Mrs. Michelle (Lacko) Isherwood has led a multifaceted, interesting career since graduating from Eastern New Mexico University with a Bachelor of Science in Education in Physical Science and Science in 1991.
She shares her fascinating journeys as a teacher and jeweler with the ENMU News.
Tell us about your family and background.
I was born in California in 1968. I grew up competing in rodeo, raising a variety of animals, and hunting to supplement food for the family. We raised some animals for food; I learned to cook and spend quality family time from a young age. I also have an older brother and three aunts, one in Florida and two in Arkansas, as well as numerous cousins.
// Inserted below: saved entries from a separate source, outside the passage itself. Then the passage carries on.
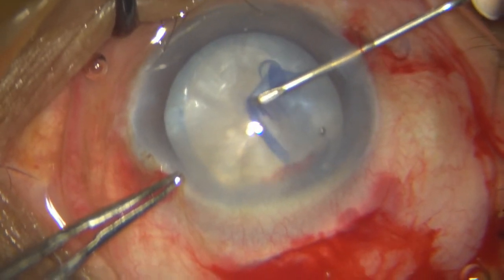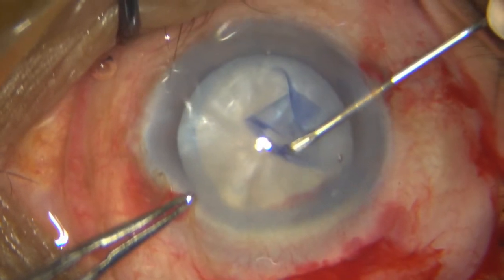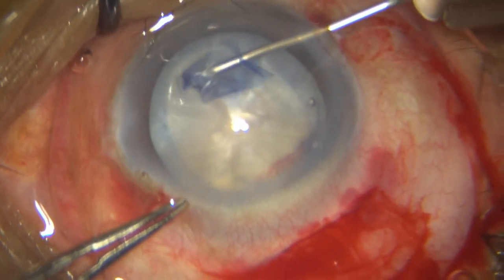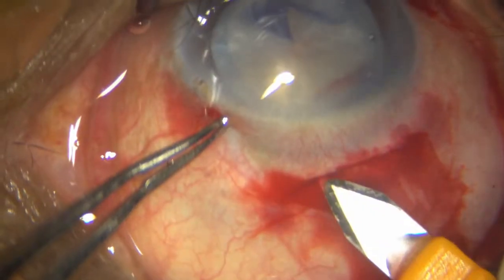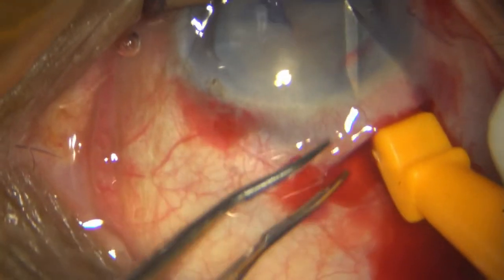The rhexis is complete and then I take the keratome and open up the complete incision. At this point of time, you can engage the wound with your limbs at six.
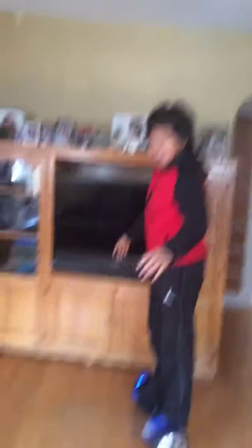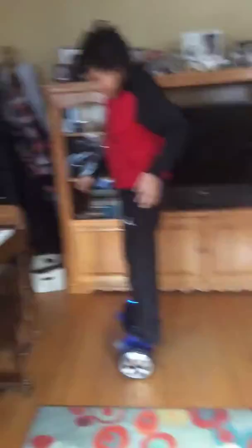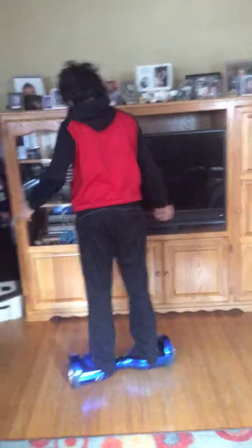Why is it turning like that? I don't know. I mean, it's basically on your body weight. It's like all body weight, you know? See, you're getting it. You're getting it.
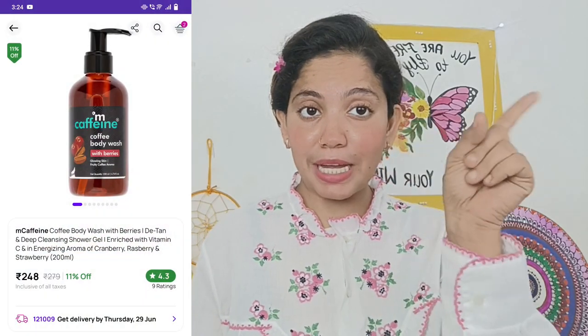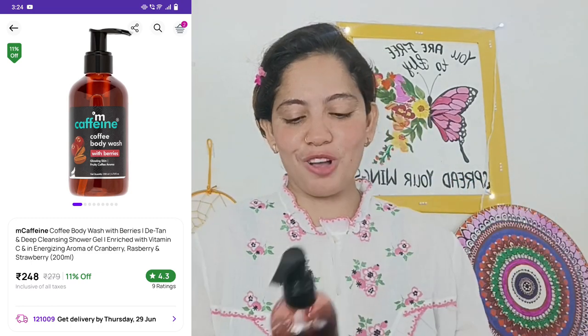I guess we have 200ml quantity. The price is 280 rupees, but it is available at a discounted price. It has 2 years of shelf life. We have to keep it away from direct sunlight, and all the ingredients and details are mentioned on the packaging.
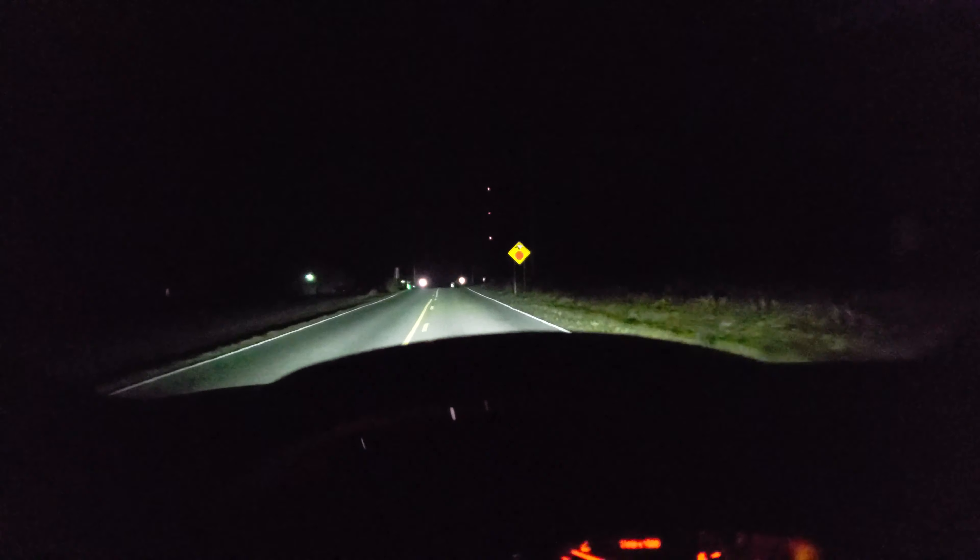Getting up here to a remote area with no other cars, I will be able to activate these laser high beams. Both the bi-LED and the laser activate at the same time, and I'm about to engage them.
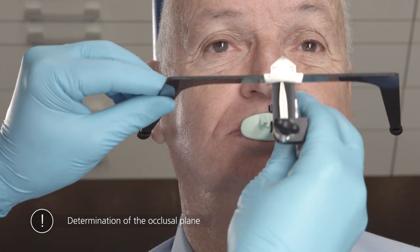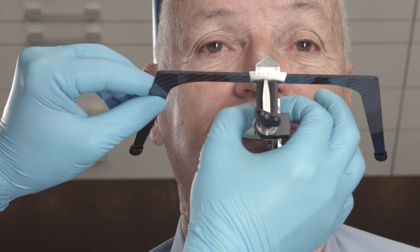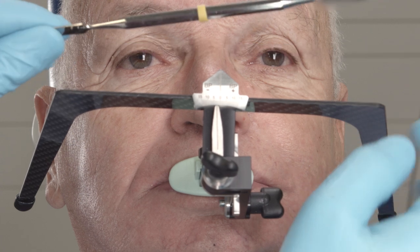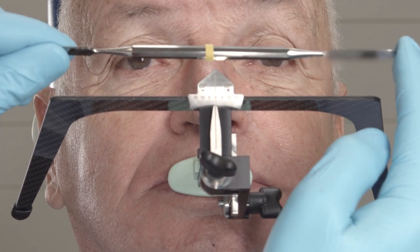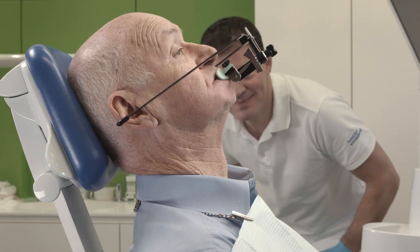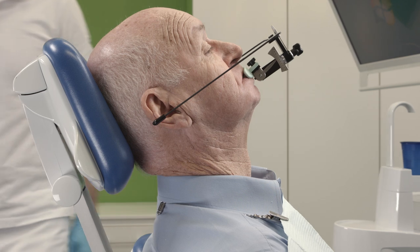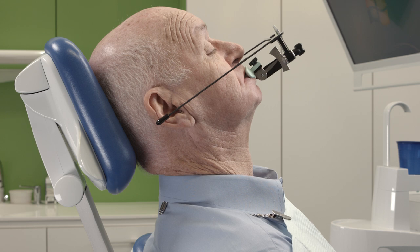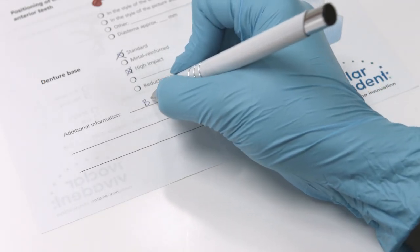Next, attach the UTS-CAD to the centric tray adapter. Adjust the basic bow of the UTS-CAD parallel to the bipupillary line and Camper's plane. You have now defined the preliminary position of the patient's occlusal plane. Record the adjusted values on the scale of the UTS-CAD and communicate them to the dental lab technician for the purpose of designing the 3D bite plates.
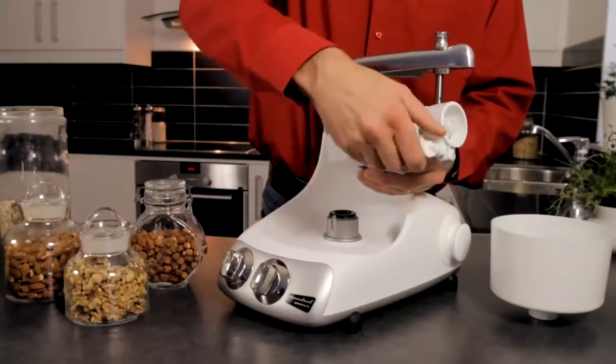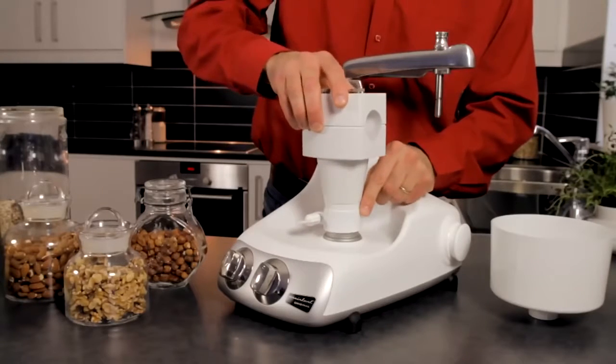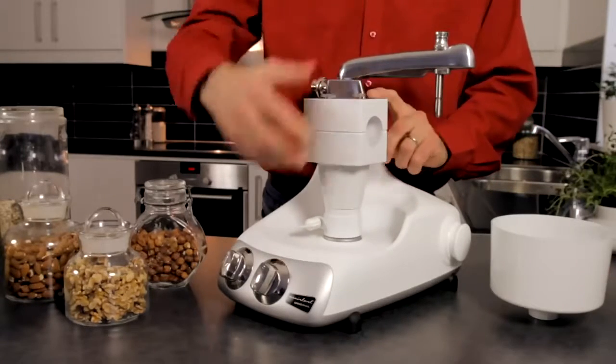Loosen the wingnut somewhat and attach the grinder on the drive socket. Be sure that the pin is secure in the motor before you loosen the wingnut.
My "gramma" lived in a little home on our property in California with us and taught me how to knit as well as grow fruit plants. We built everything except the houses on our property, corrals, stalls, sheds and barns.
The horses we competed with were either a rescue we trained or were born at our place. My favorite of all was a little boy born on my eighth birthday. Like, no joke! My mom and I came home from my birthday party at the mini golf center and dad comes in and says, "you'd better get out to the barn! Strawberry has a birthday present for you!" I hustled and watched him being born, helped him stand and raised him his entire life. His mother was named "Strawberry" and his father was "The Cajun," so we combined their names and our new baby was "Strajun."
School was a learning "playground" for me as well as allowing me to be part of sports teams – volleyball, basketball and rodeo.
My father was a diesel mechanic and taught me how to repair and maintain our vehicles, starting with teaching me how to put my bicycle training wheels on; I took them off when he wasn't looking and put them back on after riding.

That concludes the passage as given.